Borough leadership centered in the Kew Gardens area has always opposed this plan for political reasons. They don’t want their streets torn up to provide a benefit to southern Queens. NIMBY. Borough President Helen Marshall promises to study it. She has been borough president for 10 years yet so busy with renaming streets that she just has not had time to find solutions to traffic congestion in Queens. I do hope the sound of leadership from Albany is not too stressful for her.

 

Let me suggest that the best plan for the future of Queens is the original one from 1952. Re-establish the connection between the existing A train at Aqueduct and White Pot Junction in Kew Gardens. This can be done simply by adding new NYCTA tracks on the 3.5 mile northern branch thereby making the connection to Queens Blvd.  There the old Rego Park Station (near 63rd Drive) could be rebuilt as a transportation hub providing transfers between the subway and the LIRR mainline. The Rego Park Station is less than 10 minutes from Penn Station.

 

This short 3.5 mile stretch of track effectively connects the A, E, J, M, R and Z subway lines to the LIRR. In addition, it runs parallel to Woodhaven Blvd so it will reduce congestion there. It also crosses Jamaica Avenue, Atlantic Avenue and Metropolitan Avenue and terminates in the vicinity of Junction Blvd, Queens Blvd and the LIE.  If you had to create this right of way today the cost would be staggering. Yet this priceless public asset (paid for with taxpayer dollars) just sits there collecting rust for the last 50 years.
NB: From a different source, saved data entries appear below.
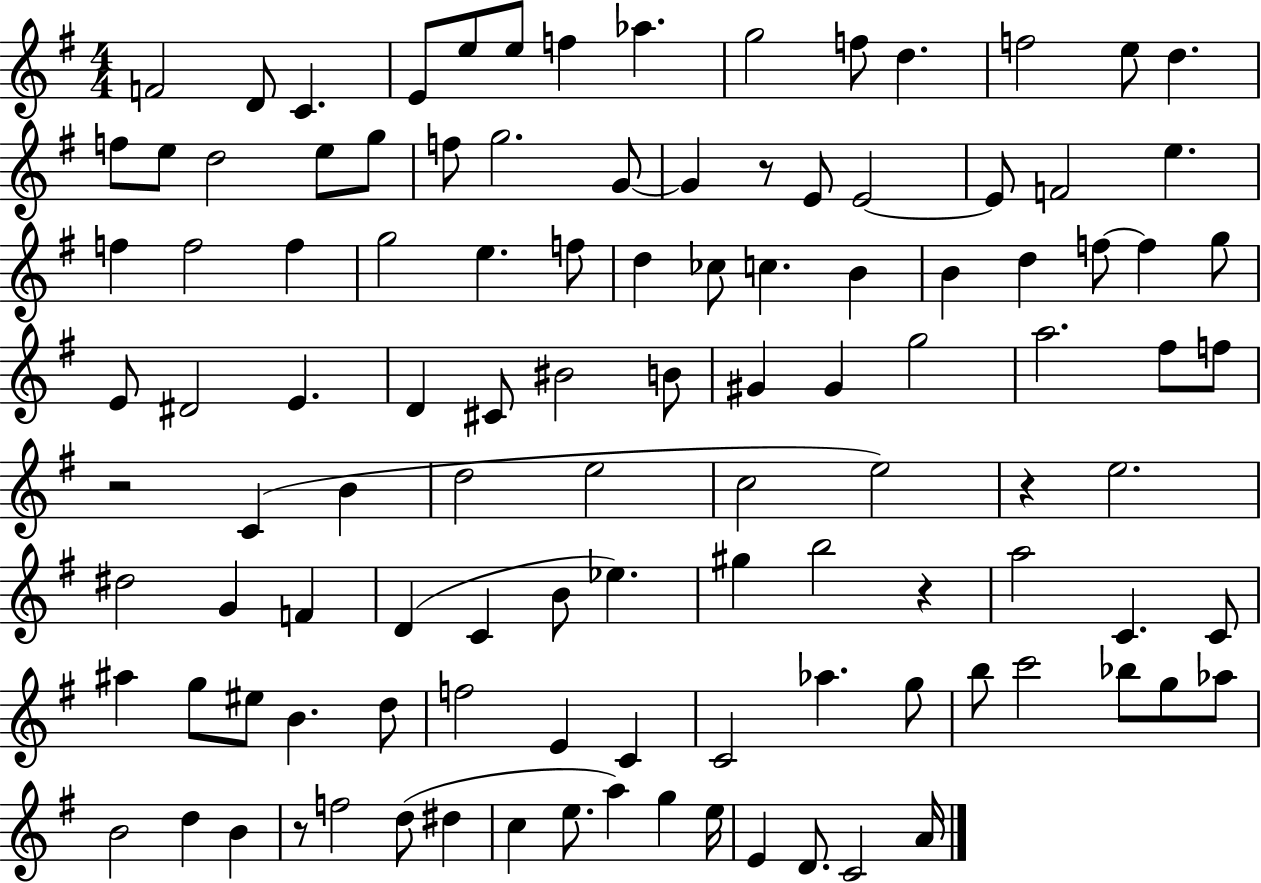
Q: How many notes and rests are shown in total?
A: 111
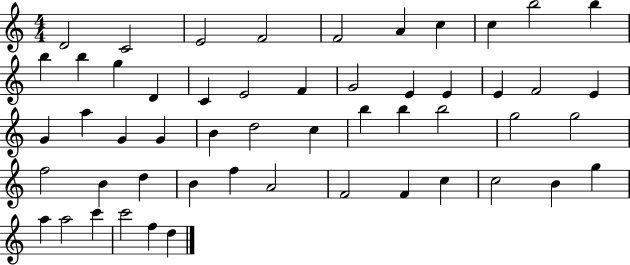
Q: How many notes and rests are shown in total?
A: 53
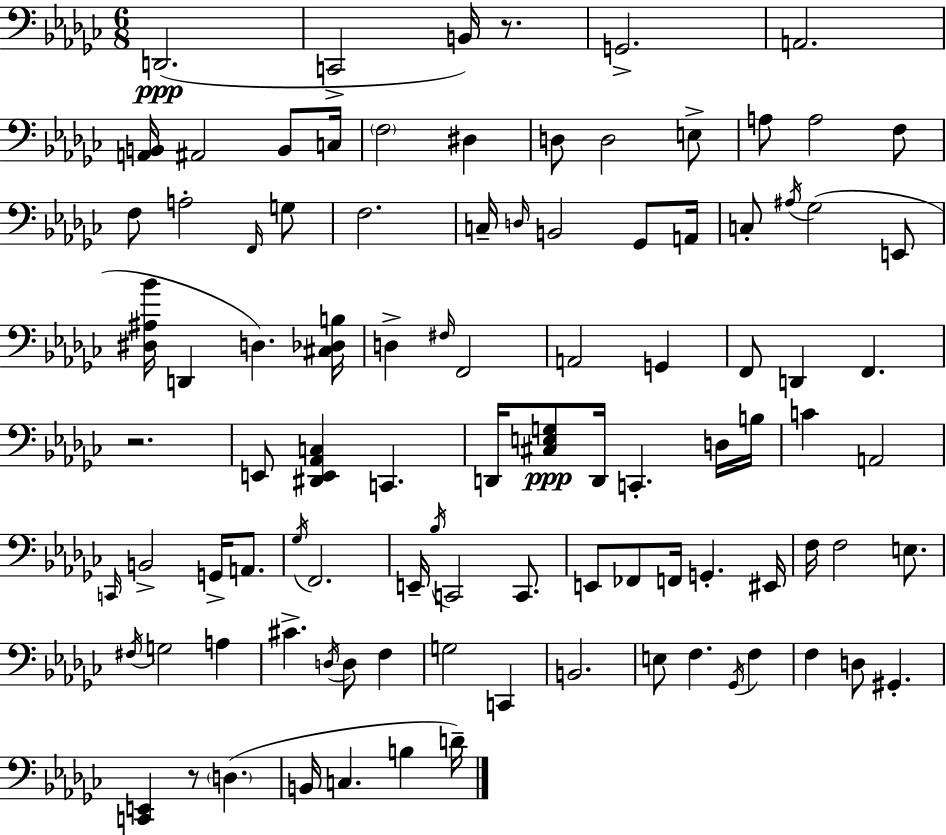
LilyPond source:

{
  \clef bass
  \numericTimeSignature
  \time 6/8
  \key ees \minor
  d,2.(\ppp | c,2-> b,16) r8. | g,2.-> | a,2. | \break <a, b,>16 ais,2 b,8 c16 | \parenthesize f2 dis4 | d8 d2 e8-> | a8 a2 f8 | \break f8 a2-. \grace { f,16 } g8 | f2. | c16-- \grace { d16 } b,2 ges,8 | a,16 c8-. \acciaccatura { ais16 } ges2( | \break e,8 <dis ais bes'>16 d,4 d4.) | <cis des b>16 d4-> \grace { fis16 } f,2 | a,2 | g,4 f,8 d,4 f,4. | \break r2. | e,8 <dis, e, aes, c>4 c,4. | d,16 <cis e g>8\ppp d,16 c,4.-. | d16 b16 c'4 a,2 | \break \grace { c,16 } b,2-> | g,16-> a,8. \acciaccatura { ges16 } f,2. | e,16-- \acciaccatura { bes16 } c,2 | c,8. e,8 fes,8 f,16 | \break g,4.-. eis,16 f16 f2 | e8. \acciaccatura { fis16 } g2 | a4 cis'4.-> | \acciaccatura { d16 } d8 f4 g2 | \break c,4 b,2. | e8 f4. | \acciaccatura { ges,16 } f4 f4 | d8 gis,4.-. <c, e,>4 | \break r8 \parenthesize d4.( b,16 c4. | b4 d'16--) \bar "|."
}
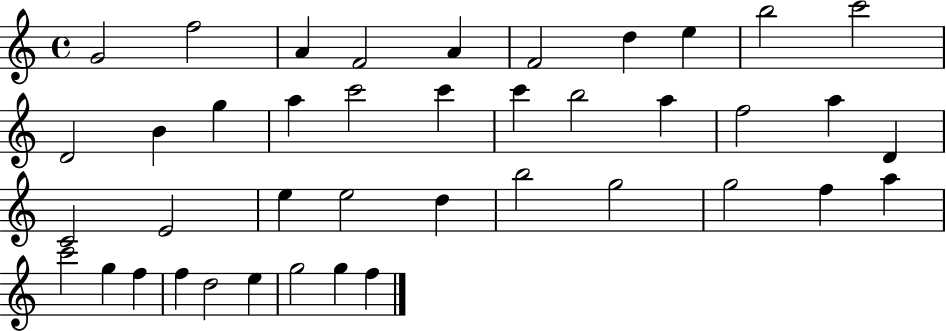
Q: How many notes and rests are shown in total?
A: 41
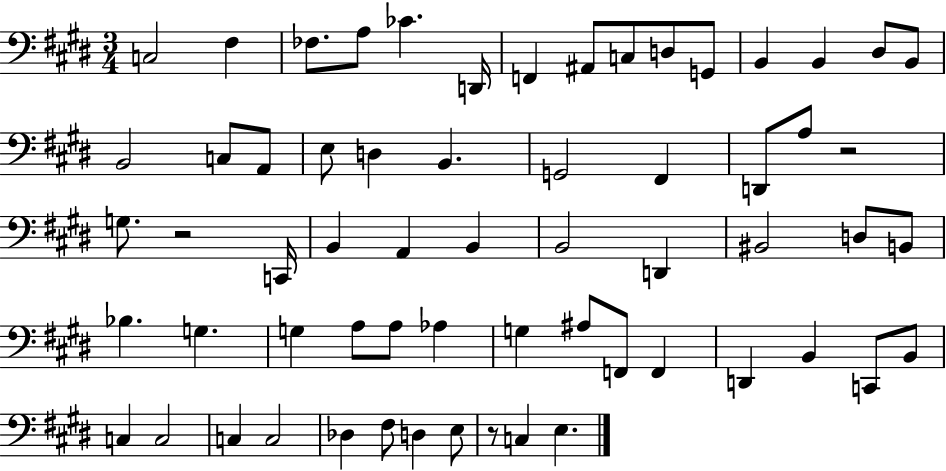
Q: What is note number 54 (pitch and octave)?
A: Db3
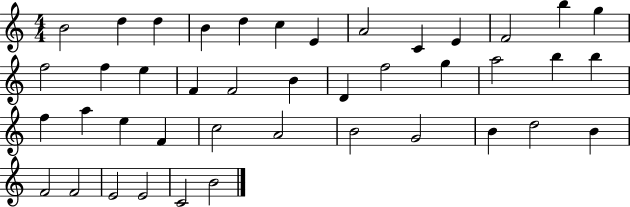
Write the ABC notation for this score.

X:1
T:Untitled
M:4/4
L:1/4
K:C
B2 d d B d c E A2 C E F2 b g f2 f e F F2 B D f2 g a2 b b f a e F c2 A2 B2 G2 B d2 B F2 F2 E2 E2 C2 B2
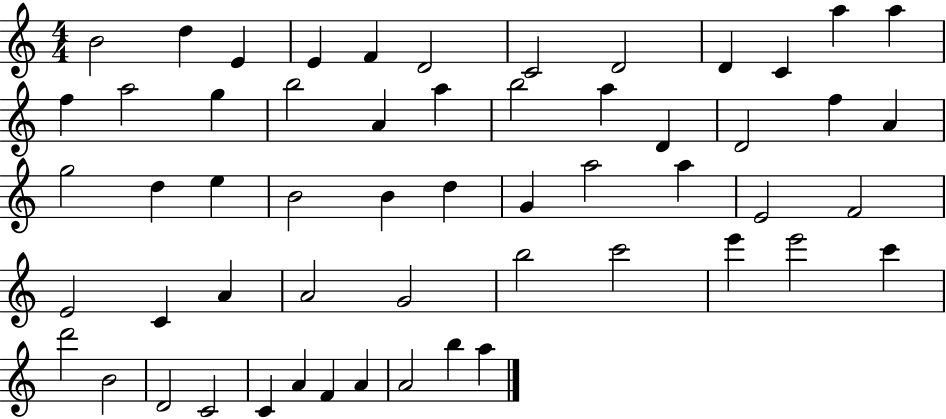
{
  \clef treble
  \numericTimeSignature
  \time 4/4
  \key c \major
  b'2 d''4 e'4 | e'4 f'4 d'2 | c'2 d'2 | d'4 c'4 a''4 a''4 | \break f''4 a''2 g''4 | b''2 a'4 a''4 | b''2 a''4 d'4 | d'2 f''4 a'4 | \break g''2 d''4 e''4 | b'2 b'4 d''4 | g'4 a''2 a''4 | e'2 f'2 | \break e'2 c'4 a'4 | a'2 g'2 | b''2 c'''2 | e'''4 e'''2 c'''4 | \break d'''2 b'2 | d'2 c'2 | c'4 a'4 f'4 a'4 | a'2 b''4 a''4 | \break \bar "|."
}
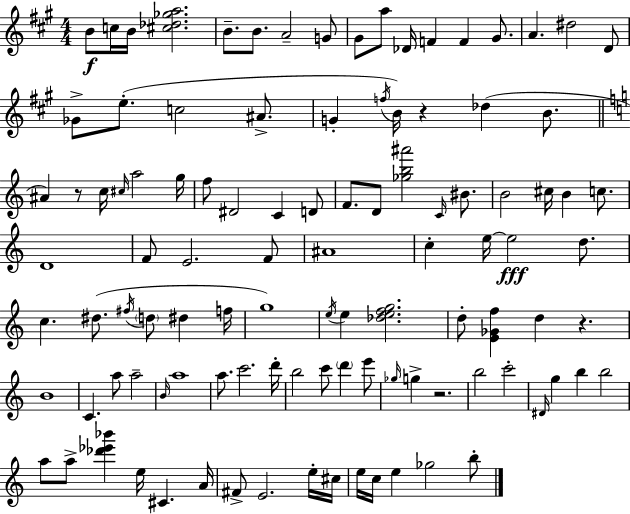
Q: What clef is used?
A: treble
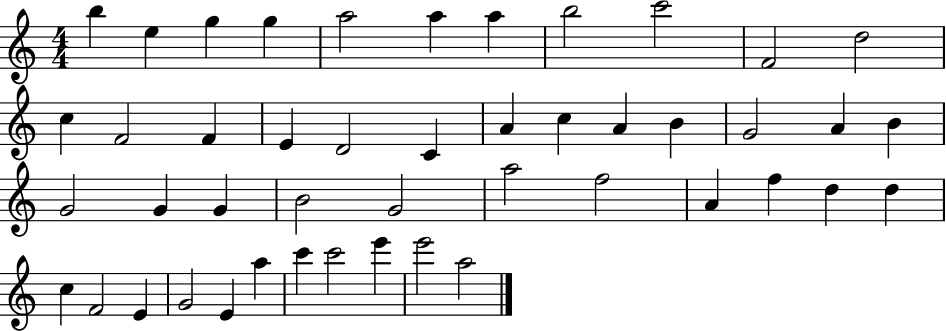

Have we elected the wrong people to manage public assets?

 

Making the new Rego Park Station a transportation hub in the center of Queens also makes other transportation options possible. Limited/Select bus services could be established from the Rego Park Station to LaGuardia Airport, Citifield, Queens College and Flushing. This would be a one transfer, one fare connection between north and south in Queens. It would finally make Queens College accessible in practice and not just in theory.

 

Re-establishing the Rockaway Beach Branch would also reduce vehicular traffic and congestion since this plan is cheaper, faster and more efficient than existing mass transit plans and current vehicular options within Queens. Congestion on the Van Wyck is legendary and getting more notorious by the day. Woodhaven Blvd and Queens Blvd are getting so bad they are damaging the quality of life of their neighbors.  We can try to fix these problems or we can take the lead from Borough Hall and pretend they don’t exist.

 

Environmentalists who claim they want to reduce vehicular traffic and gasoline consumption will be hard pressed to oppose this Rockaway Beach Branch plan. It would take thousands of cars off the road. How much cleaner will the air be? How much faster would the remaining traffic move? Or perhaps these local environmentalists are as sincere as the Kennedy’s of Massachusetts, who are in favor of wind energy provided windmills are not in their view.

 

Re-establishing the Rockaway Beach Branch would be the most important mass transit improvement in Queens since the building of the IND Subway line under Queens Blvd. in the 1930′s. This truly is a shovel ready job.

 

All we lack is the will and the leadership.

 

 

 

Vincent S. Castellano, a Rockaway native, is a member of CB14’s Transportation Committee and a former Chair of CB14. He would like to acknowledge the contributions of John Rozankowski, writer and mass transit advocate, to this article.